Brain Biomarker of Endogenous Analgesia in Patients With Chronic Knee Pain

This case-control study in patients with knee osteoarthritis and pain-free control individuals aims to develop a brain biomarker of endogenous analgesia that may be used in subsequent clinical trials. Deficits in central nervous system (CNS) pain inhibition may contribute to chronic pain intensity, but quantitative sensory testing (QST) methods are limited. Incorporating brain imaging to assessments of CNS pain inhibition, by examining activity in relevant brain networks, would allow for an objective, physiologic measure of CNS pain inhibition. Preliminary data in pain-free volunteers implicate cortical activity measured with functional near-infrared spectroscopy (fNIRS) during CNS pain inhibition. Broadly, the investigators hypothesize that variability in CNS pain inhibition contributes to variability in clinical pain intensity.
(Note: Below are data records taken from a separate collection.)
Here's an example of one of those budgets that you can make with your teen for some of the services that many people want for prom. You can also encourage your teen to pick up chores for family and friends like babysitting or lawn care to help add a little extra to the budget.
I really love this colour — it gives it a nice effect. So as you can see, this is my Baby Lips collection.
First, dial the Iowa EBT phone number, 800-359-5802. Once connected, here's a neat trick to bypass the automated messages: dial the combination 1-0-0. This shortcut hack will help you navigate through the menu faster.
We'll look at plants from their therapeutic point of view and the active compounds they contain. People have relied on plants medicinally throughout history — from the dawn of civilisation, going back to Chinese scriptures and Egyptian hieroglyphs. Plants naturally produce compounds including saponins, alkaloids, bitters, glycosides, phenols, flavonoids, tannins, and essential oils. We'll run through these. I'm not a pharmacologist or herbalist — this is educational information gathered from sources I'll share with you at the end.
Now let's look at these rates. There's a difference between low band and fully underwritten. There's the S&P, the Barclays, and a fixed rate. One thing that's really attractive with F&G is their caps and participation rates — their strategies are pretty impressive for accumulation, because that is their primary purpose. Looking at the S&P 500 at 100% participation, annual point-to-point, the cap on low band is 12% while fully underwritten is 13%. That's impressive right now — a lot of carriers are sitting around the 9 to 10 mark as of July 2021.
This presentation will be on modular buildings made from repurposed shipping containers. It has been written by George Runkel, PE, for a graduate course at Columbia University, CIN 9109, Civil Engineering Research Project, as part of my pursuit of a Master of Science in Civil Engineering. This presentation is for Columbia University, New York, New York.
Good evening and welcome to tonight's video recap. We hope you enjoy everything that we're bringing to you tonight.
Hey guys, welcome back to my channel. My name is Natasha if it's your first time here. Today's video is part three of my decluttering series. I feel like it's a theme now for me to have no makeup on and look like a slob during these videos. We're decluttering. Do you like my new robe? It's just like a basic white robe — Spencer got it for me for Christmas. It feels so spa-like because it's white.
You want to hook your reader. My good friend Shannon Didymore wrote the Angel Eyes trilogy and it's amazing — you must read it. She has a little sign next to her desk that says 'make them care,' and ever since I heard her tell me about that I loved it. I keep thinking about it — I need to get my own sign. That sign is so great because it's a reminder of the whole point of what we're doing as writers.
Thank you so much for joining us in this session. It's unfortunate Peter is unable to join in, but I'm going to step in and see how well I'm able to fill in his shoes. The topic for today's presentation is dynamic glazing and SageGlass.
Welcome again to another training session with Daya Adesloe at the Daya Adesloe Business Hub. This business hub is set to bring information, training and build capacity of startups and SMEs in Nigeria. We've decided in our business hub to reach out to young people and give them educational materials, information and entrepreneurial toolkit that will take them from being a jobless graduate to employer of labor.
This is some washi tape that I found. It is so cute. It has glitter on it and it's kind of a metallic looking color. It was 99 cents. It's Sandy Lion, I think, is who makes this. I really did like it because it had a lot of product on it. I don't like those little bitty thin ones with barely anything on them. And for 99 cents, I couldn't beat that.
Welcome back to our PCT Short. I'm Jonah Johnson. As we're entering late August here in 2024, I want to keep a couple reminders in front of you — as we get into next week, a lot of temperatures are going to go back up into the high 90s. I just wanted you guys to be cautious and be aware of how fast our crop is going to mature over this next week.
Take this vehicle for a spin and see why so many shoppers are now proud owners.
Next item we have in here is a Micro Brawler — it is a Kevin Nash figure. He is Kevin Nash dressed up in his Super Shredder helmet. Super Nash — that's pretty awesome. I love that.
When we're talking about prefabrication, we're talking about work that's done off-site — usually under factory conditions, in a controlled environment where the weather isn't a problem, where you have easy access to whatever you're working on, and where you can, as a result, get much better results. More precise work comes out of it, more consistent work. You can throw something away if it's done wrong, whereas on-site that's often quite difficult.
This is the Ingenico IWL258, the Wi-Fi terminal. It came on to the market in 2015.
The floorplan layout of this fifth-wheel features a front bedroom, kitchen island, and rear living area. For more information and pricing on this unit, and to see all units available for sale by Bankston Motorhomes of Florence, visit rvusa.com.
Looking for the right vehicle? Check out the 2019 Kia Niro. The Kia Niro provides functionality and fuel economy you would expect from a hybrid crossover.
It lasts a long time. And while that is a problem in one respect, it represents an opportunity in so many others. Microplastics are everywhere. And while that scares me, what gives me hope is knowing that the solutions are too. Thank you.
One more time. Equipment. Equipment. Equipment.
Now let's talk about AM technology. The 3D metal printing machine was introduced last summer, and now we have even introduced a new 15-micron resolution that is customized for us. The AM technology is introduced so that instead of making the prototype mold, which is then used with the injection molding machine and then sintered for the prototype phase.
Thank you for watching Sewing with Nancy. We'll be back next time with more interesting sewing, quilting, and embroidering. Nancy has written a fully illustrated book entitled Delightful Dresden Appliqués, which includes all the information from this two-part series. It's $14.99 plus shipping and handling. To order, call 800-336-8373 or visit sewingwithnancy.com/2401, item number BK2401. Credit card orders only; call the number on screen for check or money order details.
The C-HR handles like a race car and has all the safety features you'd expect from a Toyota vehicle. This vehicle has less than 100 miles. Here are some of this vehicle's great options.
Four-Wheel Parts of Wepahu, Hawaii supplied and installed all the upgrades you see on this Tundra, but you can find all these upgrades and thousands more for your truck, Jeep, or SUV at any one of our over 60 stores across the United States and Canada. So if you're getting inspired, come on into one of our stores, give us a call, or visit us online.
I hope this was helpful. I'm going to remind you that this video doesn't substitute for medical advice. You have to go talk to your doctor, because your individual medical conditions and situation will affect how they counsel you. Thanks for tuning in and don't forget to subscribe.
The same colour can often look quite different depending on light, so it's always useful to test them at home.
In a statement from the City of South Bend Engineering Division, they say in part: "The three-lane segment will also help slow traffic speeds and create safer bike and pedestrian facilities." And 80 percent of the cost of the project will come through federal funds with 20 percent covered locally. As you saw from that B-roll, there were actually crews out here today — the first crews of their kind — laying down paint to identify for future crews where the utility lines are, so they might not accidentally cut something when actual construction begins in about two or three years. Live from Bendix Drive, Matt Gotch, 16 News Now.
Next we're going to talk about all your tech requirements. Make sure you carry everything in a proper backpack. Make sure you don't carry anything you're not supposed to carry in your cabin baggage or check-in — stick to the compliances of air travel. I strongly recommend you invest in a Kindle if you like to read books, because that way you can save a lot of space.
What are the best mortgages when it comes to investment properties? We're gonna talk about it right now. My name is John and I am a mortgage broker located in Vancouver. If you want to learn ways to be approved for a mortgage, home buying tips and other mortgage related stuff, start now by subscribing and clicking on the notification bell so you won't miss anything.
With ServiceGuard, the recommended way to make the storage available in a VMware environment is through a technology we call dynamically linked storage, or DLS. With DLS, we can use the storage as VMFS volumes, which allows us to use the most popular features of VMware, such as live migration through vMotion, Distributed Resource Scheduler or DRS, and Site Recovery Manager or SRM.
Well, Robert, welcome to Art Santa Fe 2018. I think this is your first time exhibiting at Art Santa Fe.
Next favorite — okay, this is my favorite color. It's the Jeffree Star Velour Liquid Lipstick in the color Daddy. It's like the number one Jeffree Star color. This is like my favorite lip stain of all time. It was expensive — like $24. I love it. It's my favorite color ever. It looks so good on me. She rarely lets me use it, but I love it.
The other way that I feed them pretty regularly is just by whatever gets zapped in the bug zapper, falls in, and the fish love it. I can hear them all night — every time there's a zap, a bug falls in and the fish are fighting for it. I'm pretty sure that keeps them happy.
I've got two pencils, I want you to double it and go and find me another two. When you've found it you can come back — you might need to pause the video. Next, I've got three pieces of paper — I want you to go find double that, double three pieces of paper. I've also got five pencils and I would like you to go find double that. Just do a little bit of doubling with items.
The objective of this study is to identify the neural correlates of central nervous system (CNS) pain inhibition in patients with knee osteoarthritis (OA) and determine how the correlates relate to clinical chronic (i.e., greater than 6 months) knee pain. To attain this objective, the investigators will test the following working hypotheses: (H1) in knee OA patients with moderate osteoarthritis but severe knee pain, cortical correlates of CNS pain inhibition are diminished compared to patients with less knee pain and (H2) provocation of clinical knee pain with ambulation produces greater pain-related cortical activation in patients with greater clinical knee pain at baseline. The study will also compare patients with knee OA to a control group to test the hypothesis (H3) that CNS pain inhibition behavioral and functional near-infrared spectroscopy (fNIRS) brain imaging measures are diminished in knee OA. Finally, in exploratory analysis, the investigators hypothesize that cortical functional connectivity is altered in patients with greater knee pain. The study approach is to measure brain activity in patients with knee osteoarthritis, divided into high pain intensity and low pain intensity groups, and in pain-free controls with fNIRS scanning during rest, quantitative sensory testing (QST) measures of CNS pain inhibition (conditioned pain modulation and offset analgesia), and walking and stair climbing tasks. The rationale is that successful completion of this study will determine whether fNIRS measures relate to QST measures of CNS pain inhibition and clinical pain intensity both at rest and during activity. This fundamental knowledge, in combination with prior studies of conditioned pain modulation (CPM), will be important to understanding how CNS pain inhibition may contribute to a range of chronic pain syndromes.